According to a number of sources, the retreating Greek army carried out a scorched earth policy while fleeing from Anatolia during the final phase of the war after each battle they lost.[39][40] For instance Middle East historian Sydney Nettleton Fisher wrote that:

"The Greek army in retreat pursued a burned-earth policy and committed every known outrage against defenceless Turkish villagers in its path."[41]

James Loder Park, the U.S. Vice-Consul in Constantinople at the time, who toured much of the devastated area immediately after the Greek evacuation, described the situation in the surrounding cities and towns of İzmir he has seen, as follows:

"Manisa...almost completely wiped out by fire...10,300 houses, 15 mosques, 2 baths, 2,278 shops, 19 hotels, 26 villas…[destroyed]. Cassaba (present day Turgutlu) was a town of 40,000 souls, 3,000 of whom were non-Moslems. Of these 37,000 Turks only 6,000 could be accounted for among the living, while 1,000 Turks were known to have been shot or burned to death. Of the 2,000 buildings that constituted the city, only 200 remained standing. Ample testimony was available to the effect that the city was systematically destroyed by Greek soldiers, assisted by a number of Greek and Armenian civilians. Kerosene and gasoline were freely used to make the destruction more certain, rapid and complete. Alasehir, hand pumps were used to soak the walls of the buildings with Kerosene. As we examined the ruins of the city, we discovered a number of skulls and bones, charred and black, with remnants of hair and flesh clinging to them. Upon our insistence a number of graves having a fresh-made appearance were actually opened for us as we were fully satisfied that these bodies were not more than four weeks old.[the time of the Greek retreat through Alasehir]"

Consul Park concluded:

1.The destruction of the interior cities visited by our party was carried out by Greeks.
2.The percentages of buildings destroyed in each of the last four cities referred to were: Manisa 90 percent, Cassaba (Turgutlu) 90 percent, Alaşehir 70 percent, Salihli 65 percent.
3.The burning of these cities was not desultory, nor intermittent, nor accidental, but well planned and thoroughly organized.
4.There were many instances of physical violence, most of which was deliberate and wanton. Without complete figures, which were impossible to obtain, it may safely be surmised that 'atrocities' committed by retiring Greeks numbered well into thousands in the four cities under consideration. These consisted of all three of the usual type of such atrocities, namely murder, torture and rape.[42]
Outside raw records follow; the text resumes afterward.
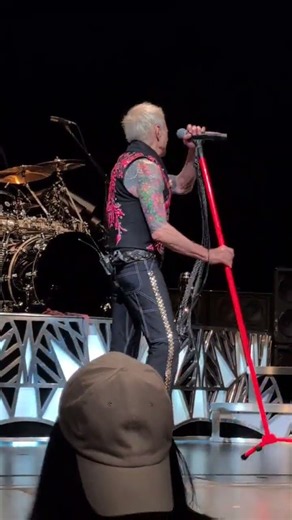 David Lee Roth-Jamie’s Cryin’ 5-31-26 (2nd clip) #davidleeroth #vanhalen #rockmusic #liveshows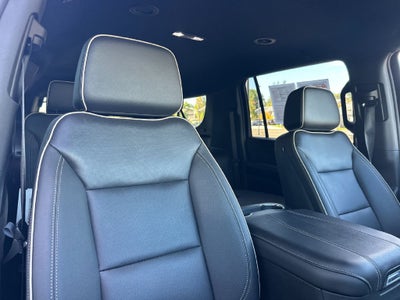 2025 GMC Yukon XL Elevation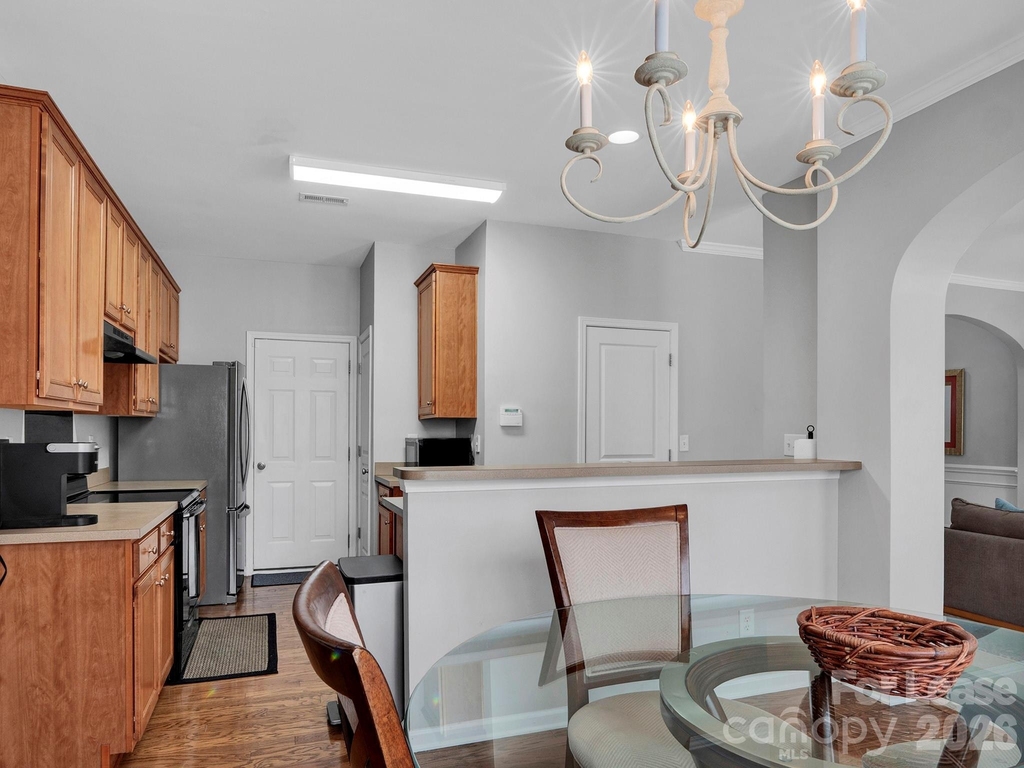 1401 Hammond Drive - Photo 11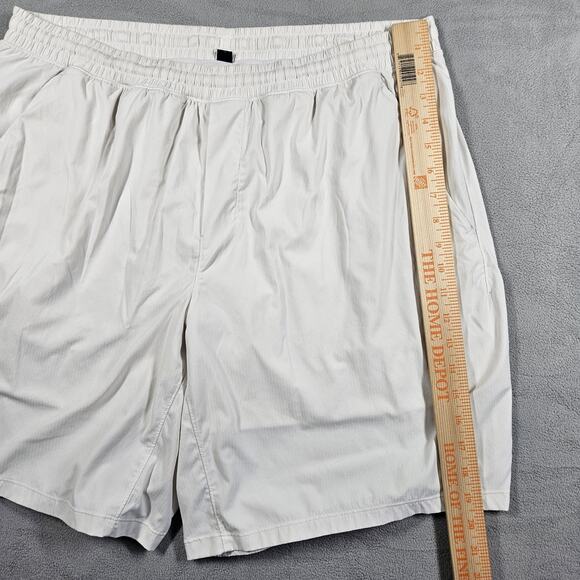 Lululemon Shorts Men’s Size XXL Pace Breaker Out Of Mind Liner White Athletic - Picture 12 of 14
Kinross wrote: "Already most of the towns in its path were in ruins. One third of Ushak no longer existed. Alashehir was no more than a dark scorched cavity, defacing the hillside. Village after village had been reduced to an ash-heap. Out of the eighteen thousand buildings in the historic holy city of Manisa, only five hundred remained".[43] It is estimated some 3,000 lives had been lost in the burning of Alaşehir alone [44]

In one of the examples of the Greek atrocities during the retreat, on 14 February 1922, in the Turkish village of Karatepe in Aydin Vilayeti, after being surrounded by the Greeks, all the inhabitants were put into the mosque, then the mosque was burned. The few who escaped fire were shot.[45] The Italian consul, M. Miazzi, reported that he had just visited a Turkish village, where Greeks had slaughtered some sixty women and children. This report was then corroborated by Captain Kocher, the French consul.[46]

Re-Capture of Smyrna, September 1922

With the possibility of social disorder once the Turkish Army occupied Smyrna, Mustafa Kemal was quick to issue a proclamation, sentencing any Turkish soldier to death who harmed non-combatants.[47] A few days before the Turkish capture of the city, Kemal's messengers distributed leaflets with this order written in Greek. Kemal said that Ankara government can't be hold responsible in the case of an occurrence of a massacre[48] These orders were largely ignored by the Turkish army, and Nasruddin Pasha, the commander of Turkish forces in the Smyrna district gave orders contradicting Atatürk's. Nasruddin Pasha's orders had as their main objective the extermination of the Christian population of the city and were largely followed: the Greek and Armenian civilian population of Smyrna suffered heavily at the hands of the Turkish army.[49]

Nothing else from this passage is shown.